Article 4 requires the department to provide policy guidance and advice in relation to the strategy and its implementation, and to co-ordinate its implementation. Article 5 requires all Northern Ireland and UK departments to have regard to the strategy when exercising any function in relation to development in Northern Ireland. Article 6 provides the department with the power to undertake surveys or studies for the purpose of exercising any of its functions under the order; it permits the department to consult with any persons it thinks fit for the purpose of exercising any of its functions under the order; and it also allows the department where it considers it appropriate to cause a public local inquiry to be held.
Article 7 provides the Minister for Regional Development with the power to appoint advisory bodies or committees to assist the department in the exercise of its functions under the order. Article 8 gives effect to the schedule and provides for consequential amendments.
This order permits work to continue on the completion of a regional development strategy for Northern Ireland--a strategy which the Government believe will enhance the lives and prosperity of the people of Northern Ireland. It is also important to give full effect to the new arrangements for devolved government in Northern Ireland. I beg to move.
Earl Attlee: My Lords, I am grateful to the Minister for explaining the order. I am reassured that the departments will look a long way ahead. The Minister will be relieved to hear that I do not propose to dissect the order, mainly because I am not able to. It will be interesting to see how it works, having two departments involved in the same business. Of course I know I shall have to be careful in that regard as I have just expressed
Lord Molyneaux of Killead: My Lords, I shall follow the line taken by the noble Earl, Lord Attlee, and speak briefly at this stage. One accepts that redesigning and regrouping government departments is bound to cause a degree of confusion, at least in the short term. But can one assume that this order--providing, as it does, for strategic planning and regional planning--might have a bearing on the matter I mentioned during our debate on the appropriation order in regard to Belfast international airport? Is it possible to ensure that such a major project will not be delayed by any confusion that might be caused in the short term by the transfer of these powers? While I take the point made by the Minister with regard to factory development--which is part of this project--I trust that any difficulties and obstacles can be overcome.

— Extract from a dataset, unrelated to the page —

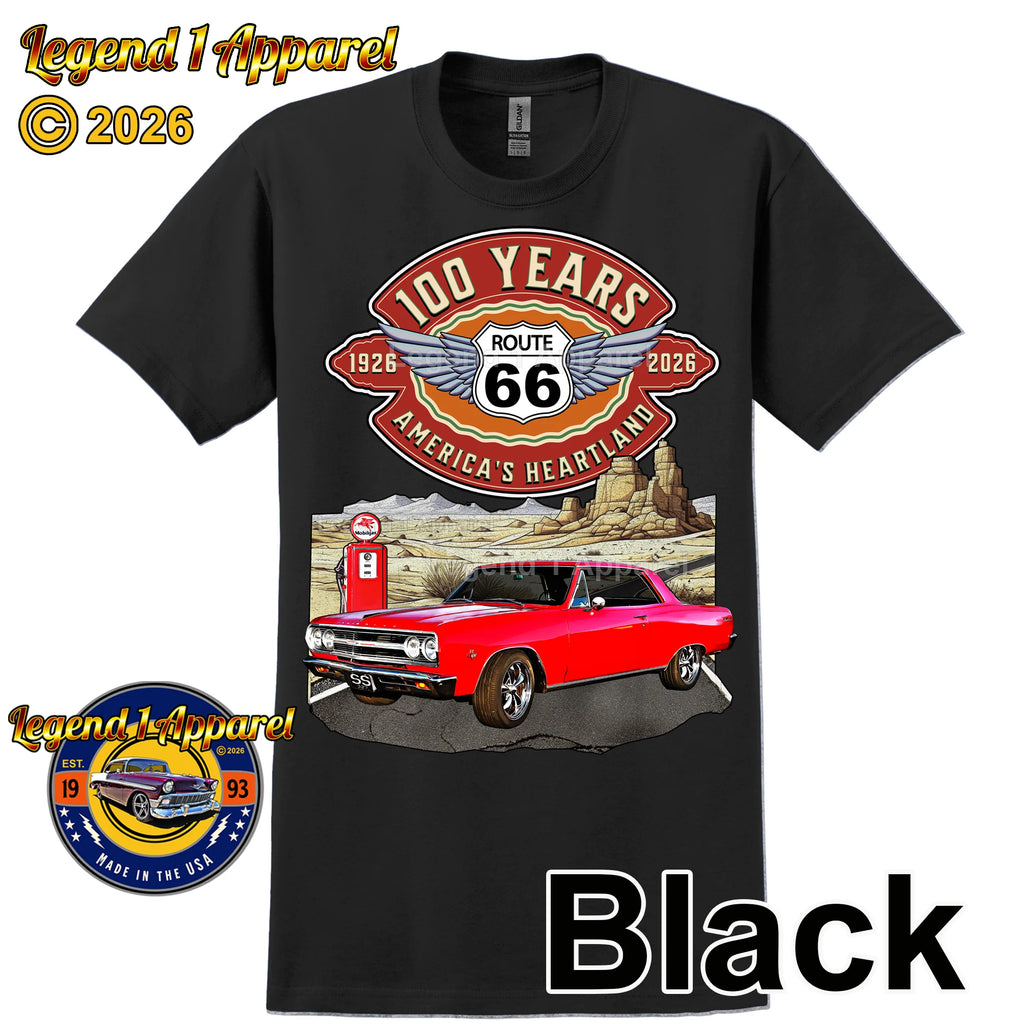1965 Chevrolet Chevelle SS Classic Car Graphic Tee – Route 66 100 Years T-Shirt
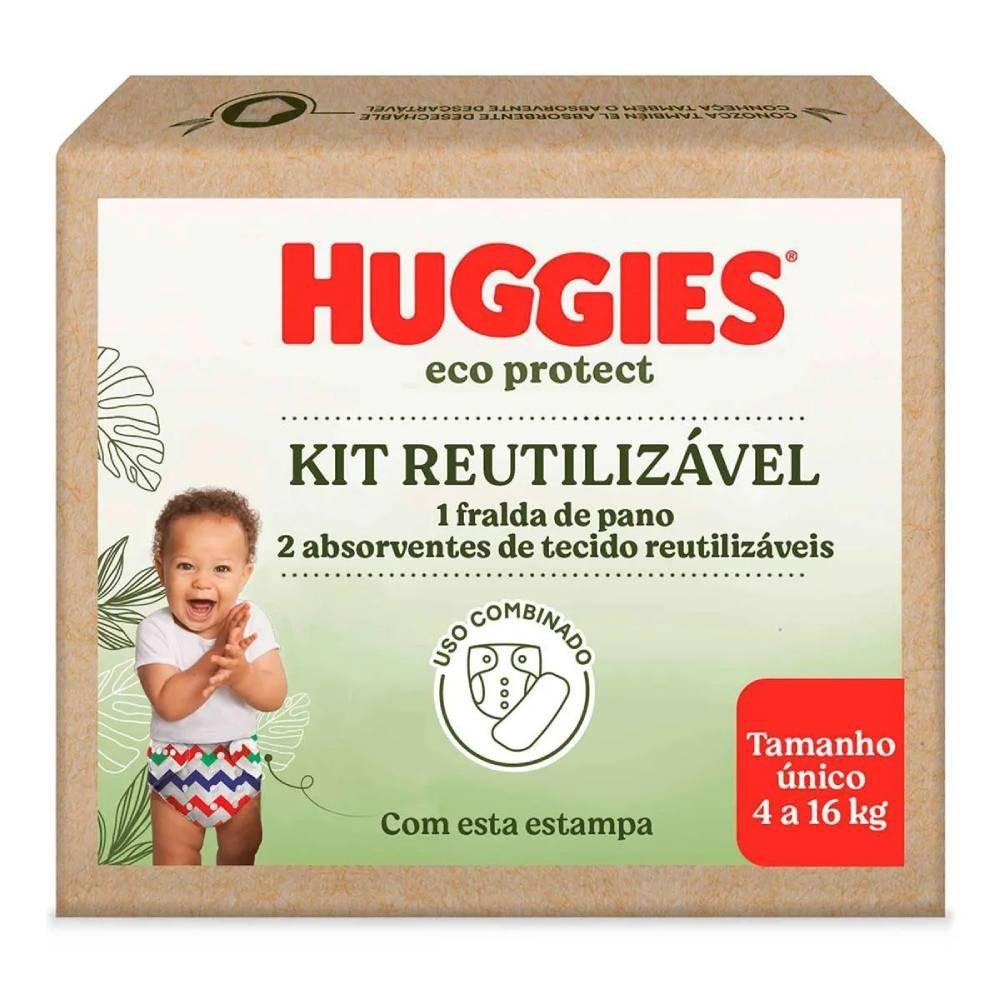 Kit Reutilizável 1 Fralda + 2 Absorventes Huggies Eco Protect Listrado - 1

Lord Dubs: My Lords, in answer to the question of the noble Lord, Lord Molyneaux, clearly these changes to the planning responsibilities are designed for when devolution has occurred. I see no reason why there should be any delay in dealing with planning applications of the kind described by the noble Lord at Aldergrove airport. I see no reason why there should be any delay when the Assembly takes over. We have all the procedures in place and the departmental structures will have been rearranged to comply with the new arrangements for 10 departments. I do not believe that there will be any delay. I trust that the Assembly will move forward quickly in making decisions of the kind we are talking about. At the moment we are in discussion with the developers about the difficulty which I described and to which the noble Lord referred. I hope those difficulties can be resolved quickly. I share the noble Lord's concern that major planning applications which have a bearing on employment prospects are important and offer an economic reward if they fit in with the planning system.